Fake Instagram influencer shows you how hackers collect your data
You could be giving away your passwords on social media without even knowing about it, letting hackers get into your accounts in seconds.
This new instagram account highlights the hidden meaning behind every social post, revealing how easily Gen Z are giving away key security information in their captured highlights. Through what we share online, the pictures we post and the locations we tag, hackers and criminals can guess your password in seconds, putting your identity and your bank accounts at risk of being stolen.
We look at the most predictable passwords being used right now, which of your accounts is most likely to be hacked and how you can make your passwords stronger.
Did you know?
- 53% rely on memory to store passwords, meaning we immediately falter to easy passwords to remember, usually made up of information from our personal lives.
- 78% of Gen Z use the same password for everything, making every account you have easy to access for hackers.
- It costs a hacker just £744 to have full access to your phone, credit cards and social media profiles.
How you’re putting your personal information at risk
You may be posting a picture of your birthday balloons, a heartwarming picture of your new born baby, or snapping that ‘picture perfect’ bar you spent the weekend at. But those seemingly harmless posts could actually be giving away security information that gives hackers access to all your accounts.

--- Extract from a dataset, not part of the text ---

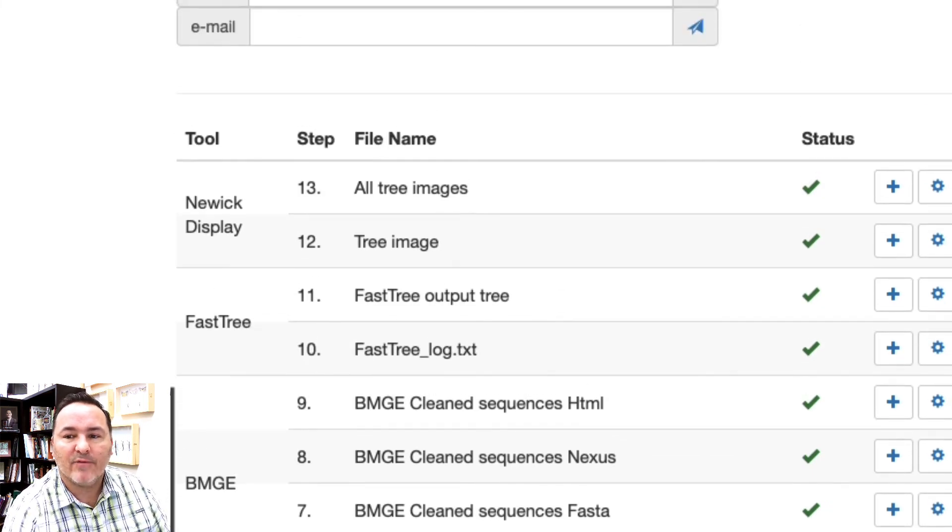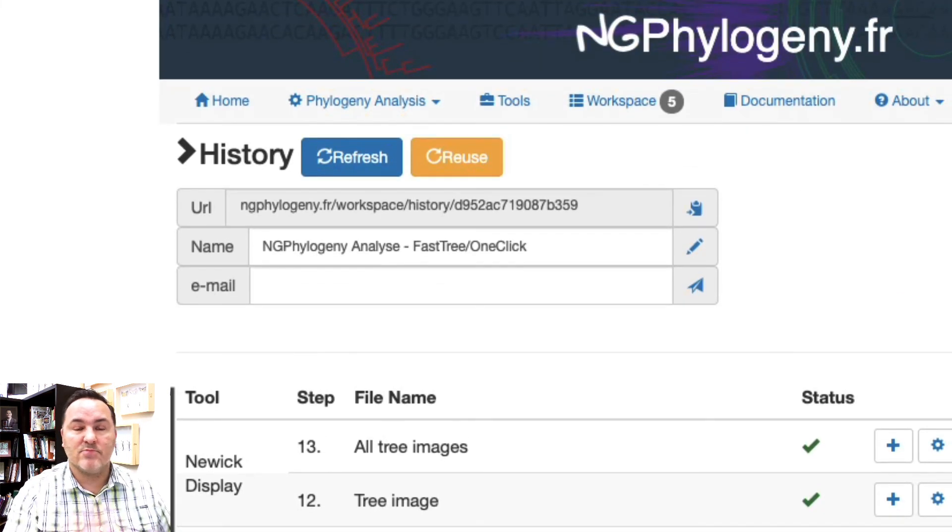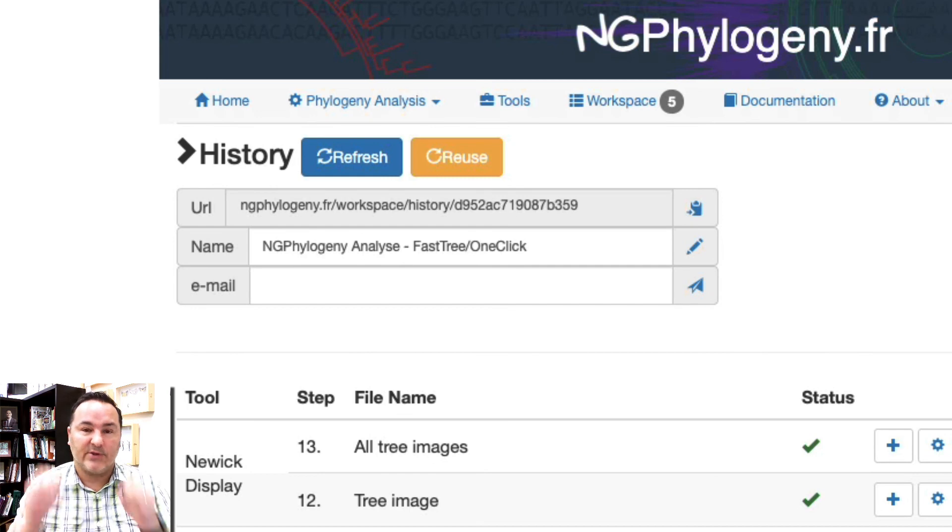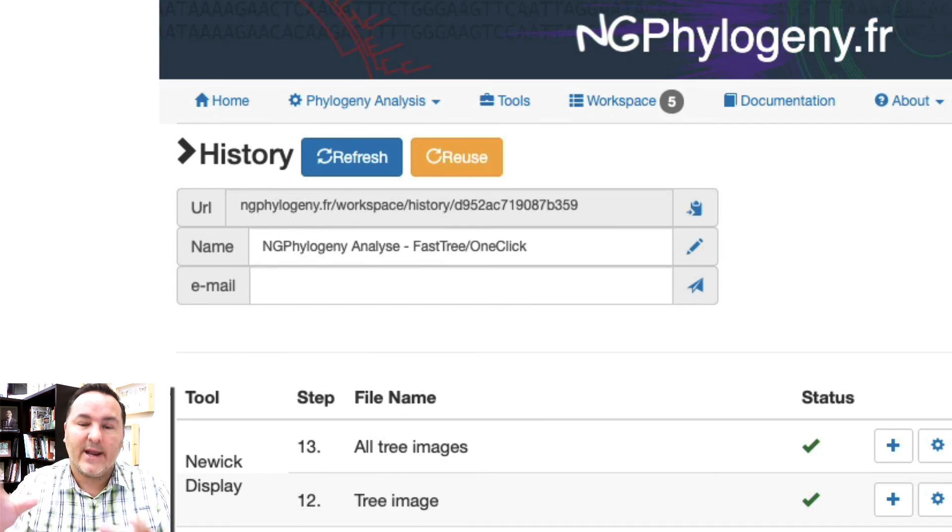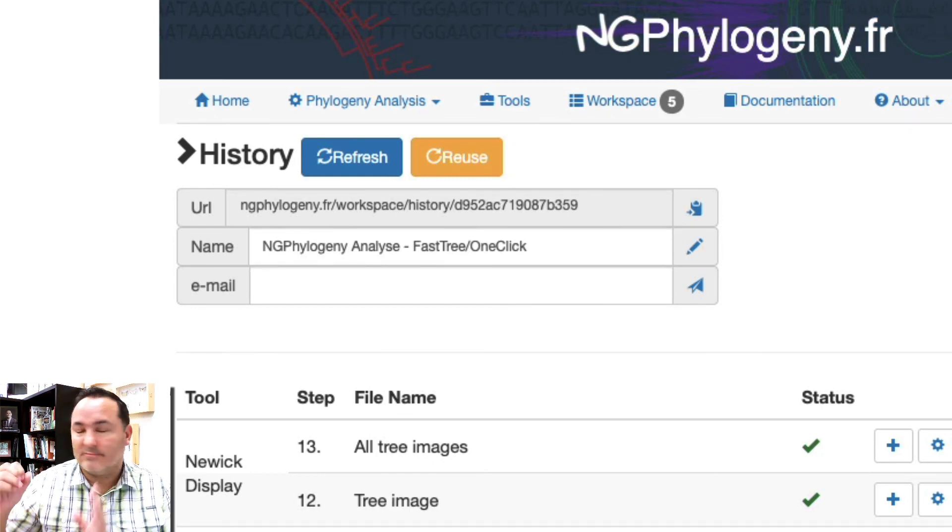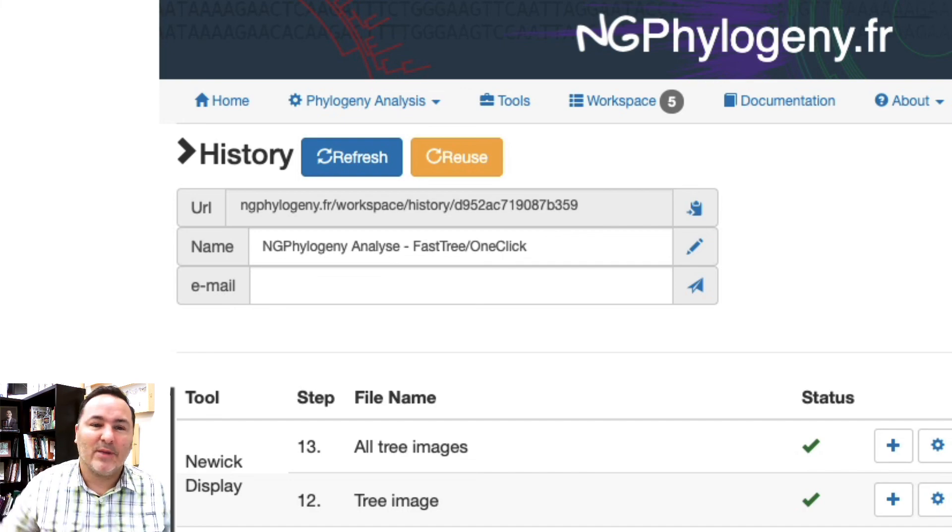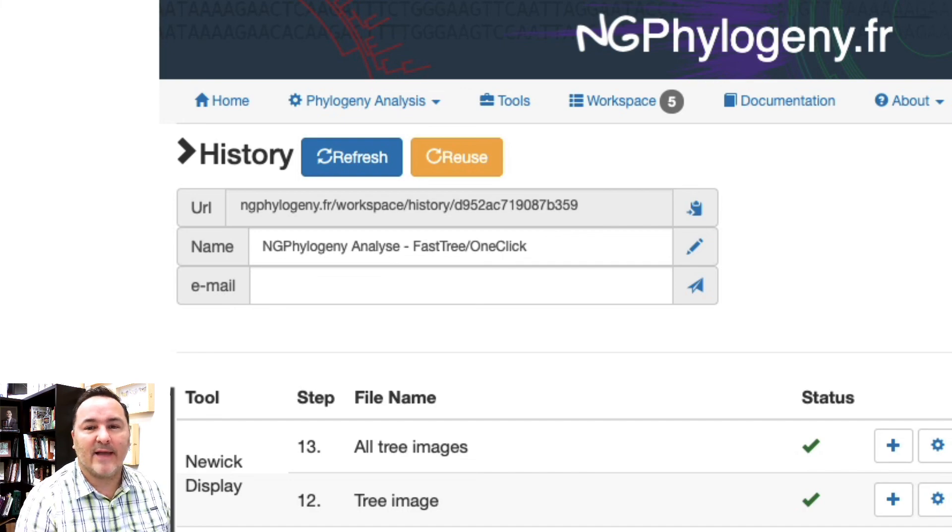So really powerful website. The nice thing too is that you could do multiple analyses. You could get one analysis running and then go start another browser, start another analysis, and you could do a bunch of different kinds of analyses.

The data behind the problem
LinkedIn, Facebook, eBay and Adobe are just some companies that have suffered major data breaches recently, where passwords and personal info have been stolen. But it’s not the only way for hackers to get access to your emails, apps or even bank accounts. With 78% of Gen Z using the same passwords for everything, the world is having a great big password problem. Add to that the fact that 53% of us use nothing but our memory to store passwords, it makes sense that we try and keep things simple.
However, while that might make things easier for us, it also makes them much easier for those who want our details. If they fall into the wrong hands, a password that’s easy to remember could make things very difficult. And given only 31.3% of us change our passwords once a year, once people are in, it could be hard to get them back out.